Electronic Arts stock fell 16.7% on Thursday—the largest drop for a single day since 2008—after the video game company announced that its marquee product, EA Sports FC 25, failed to deliver expected sales as part of its preliminary report for the third fiscal quarter.
EA’s annual soccer game represents nearly half of the company’s total net bookings over the past five years, according to The Wall Street Journal, carrying massive sway on the business. Overall, EA said that full year total net bookings, the firm’s preferred sales metric, are now expected to be between $7 billion and $7.15 billion, less than the previous estimate of $7.5 billion to $7.8 billion.
The company initially projected single-digit growth in total live services revenue but revised its projection to a mid-single-digit decline, with EA Sports FC accounting for the majority of the change.
Net bookings for EA’s soccer franchise are expected to dip year-over-year. The announcement marks a stark change from its Q2 earnings report, in which the company wrote, “[EA Sports FC] saw live service growth across all platforms in Q2, and total franchise net bookings in FY25 are on track to grow over a record FY24.”

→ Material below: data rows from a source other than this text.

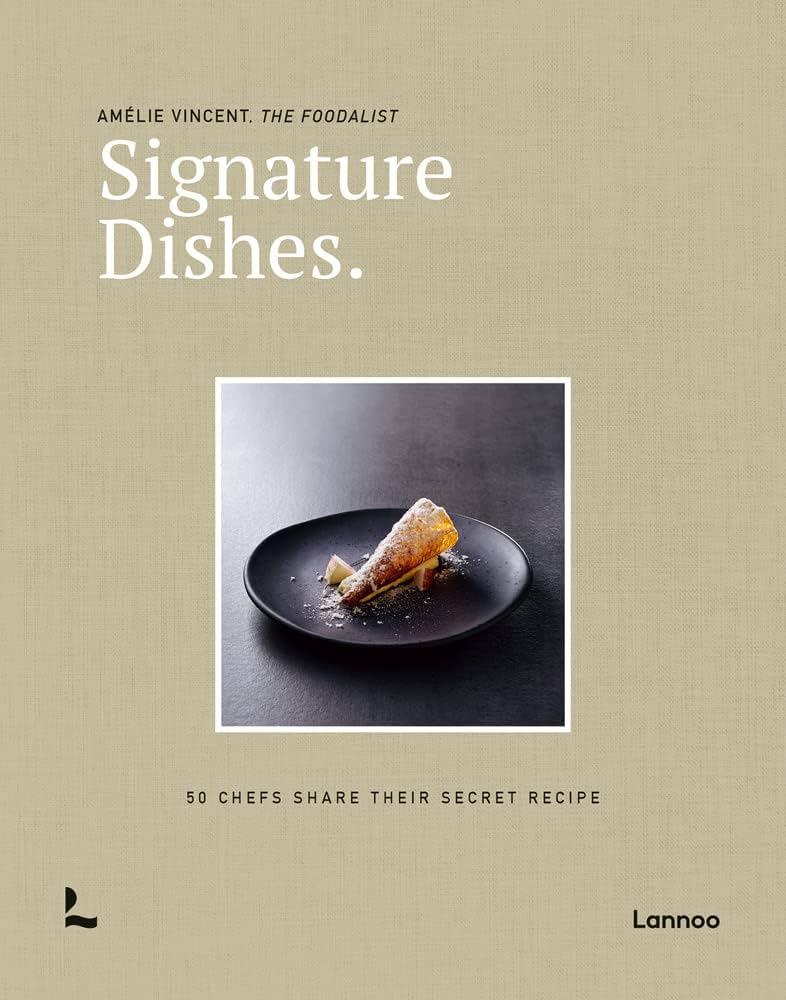 Signature Dishes - Marcel’s Culinary Experience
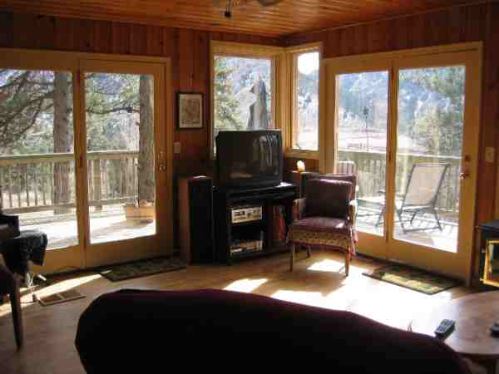 Great room with beatiful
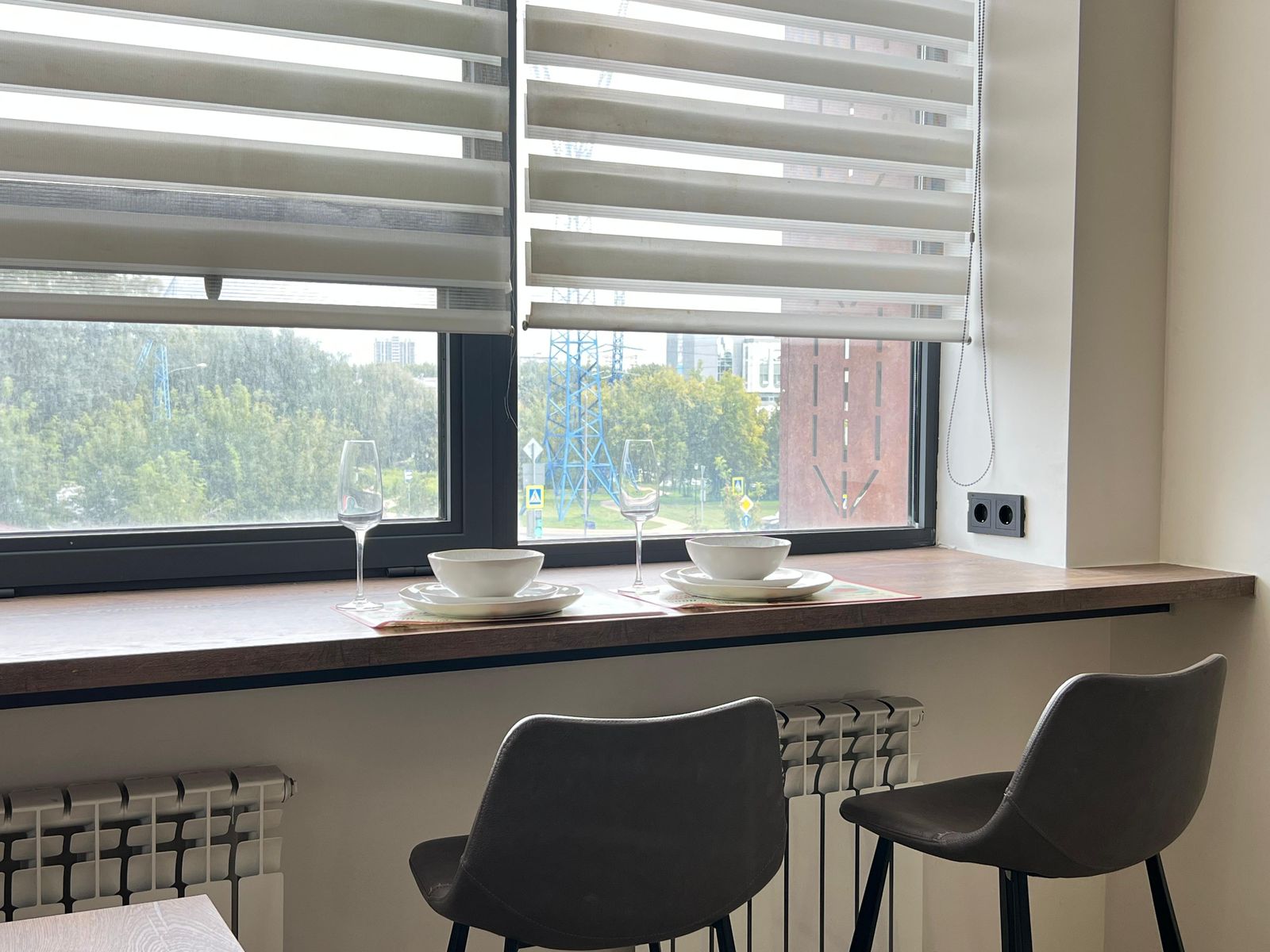 Апартаменты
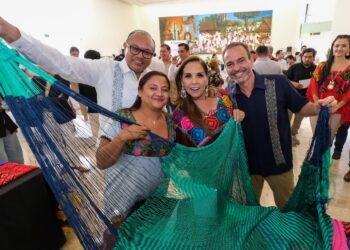 ¡Impulso económico!; Mara Lezama inyecta 2.4 mpd al arte quintanarroense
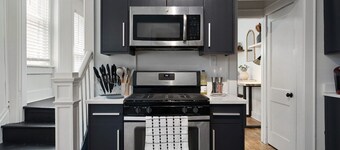 Near OSU-Short North-DT| 20 Guests | Stylish Home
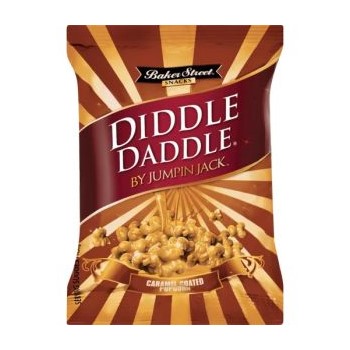 Diddle Daddle Caramel Popcorn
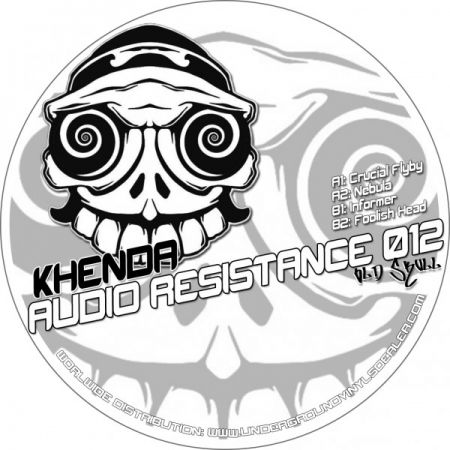 Khenda - Audio Resistance 012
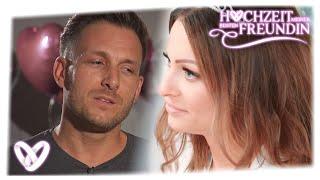 Happy End?  Werden Jasmin & Oliver sich das Ja-Wort geben? | Hochzeit meiner besten Freundin | ATV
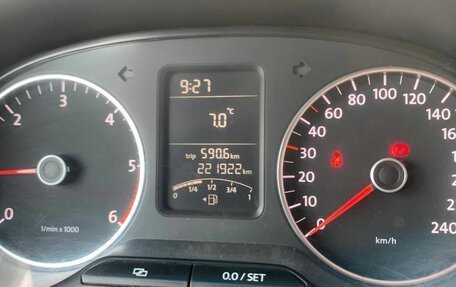 Volkswagen Amarok I рестайлинг, 2012 год, 1 490 000 рублей, 18 фотография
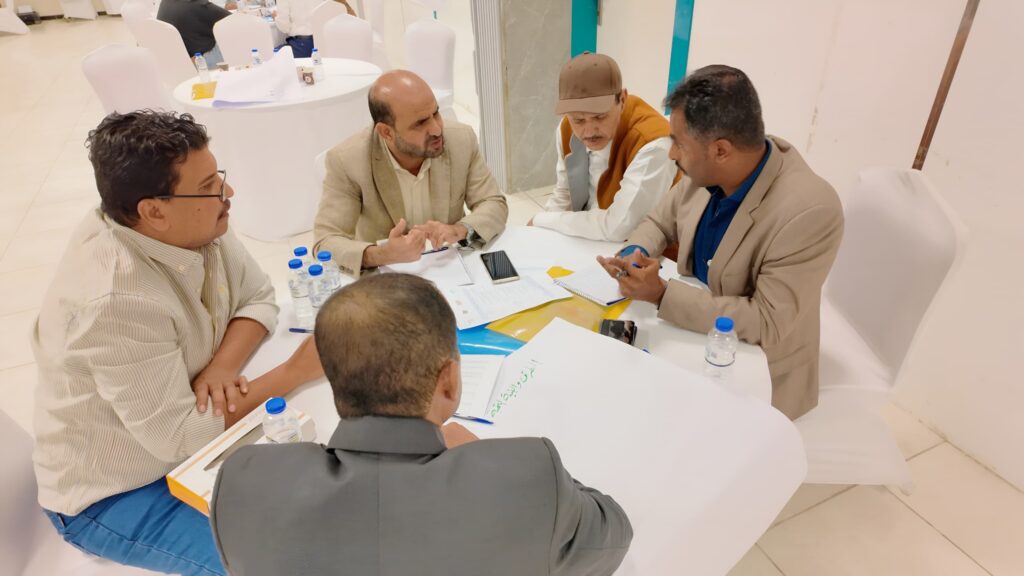 اختتام ورشة «دور البلديات في التكيّف الحضري مع تغيّر المناخ» بالمكلا بتوصيات لتعزيز التخطيط الحضري المستدام اختتام ورشة «دور البلديات في التكيّف الحضري مع تغيّر المناخ» بالمكلا بتوصيات لتعزيز التخطيط الحضري المستدام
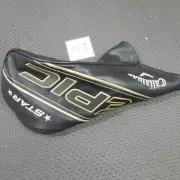Mizuno Golf STAR Driver head cover men golf fast ship 250427 nice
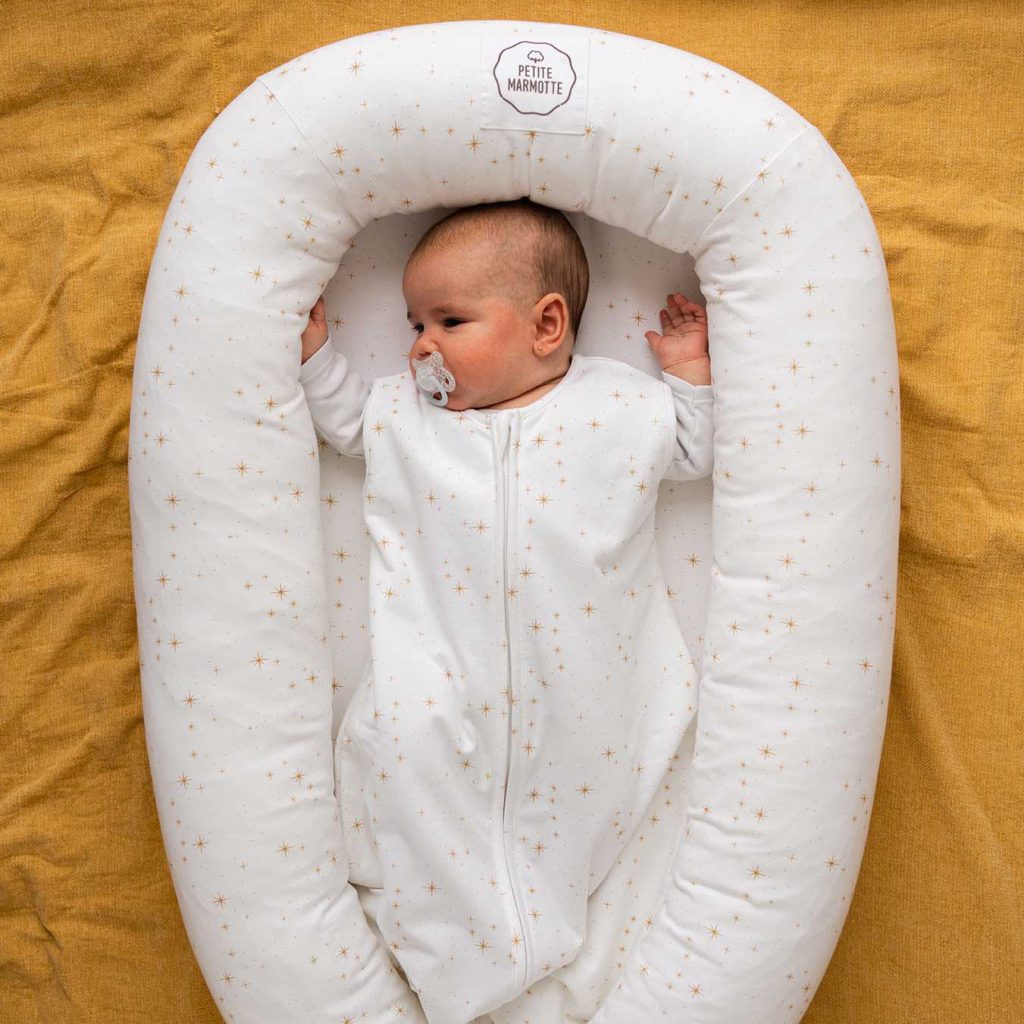 Bebés y el calor de verano: consejos para dormir mejor - Petite Marmotte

Results for the roleplaying game Dragon Age: The Veilguard, which was released in October, also contributed to the stock’s dip. The game’s 1.5 million players during the quarter missed the company’s expectations by around 50%.
In 2023, EA rebranded its soccer franchise to EA Sports FC after calling it FIFA for roughly three decades. The gaming company’s relationship with the global football governing body FIFA ended following the 2022 World Cup when FIFA reportedly increased its asking price to more than $250 million per year, in addition to other requests.
EA survived the breakup, as EA Sports FC 24 had more than 14.5 million active accounts within four weeks of launch. In Q3 2024, the game delivered 7% sales growth over a prior year that included the World Cup.
Reviews of the newly branded games, however, have been middling. The two FC games have user scores on Metacritic of 2.5 and 2.6, as opposed to the 3.6 and 3.7 grades earned by FIFA 22 and FIFA 23, respectively.
The company maintains a positive outlook with regards to its game quality. “This month, our teams delivered a comprehensive gameplay refresh in addition to our annual Team of the Year update in FC 25,” EA CEO Andrew Wilson said. “Positive player feedback and early results are encouraging.”
Microtransactions, subscriptions, in-game rewards and additional revenues outside of base game sales represent the majority of EA’s business. The “live services and other” segment accounted for more than 73% of the company’s $7.56 billion in 2024 revenues, up from 66% in 2020.
eFootball, a competing soccer game made by Konami that substantially trails EA Sports FC in market share, is free to download and relies on microtransactions to generate revenue. FIFA, meanwhile, will lend its name to a separate free-to-play soccer game, FIFA Rivals from Mythical Games, which is planned for a summer 2025 release.
EA will release its full earnings report on Feb. 4.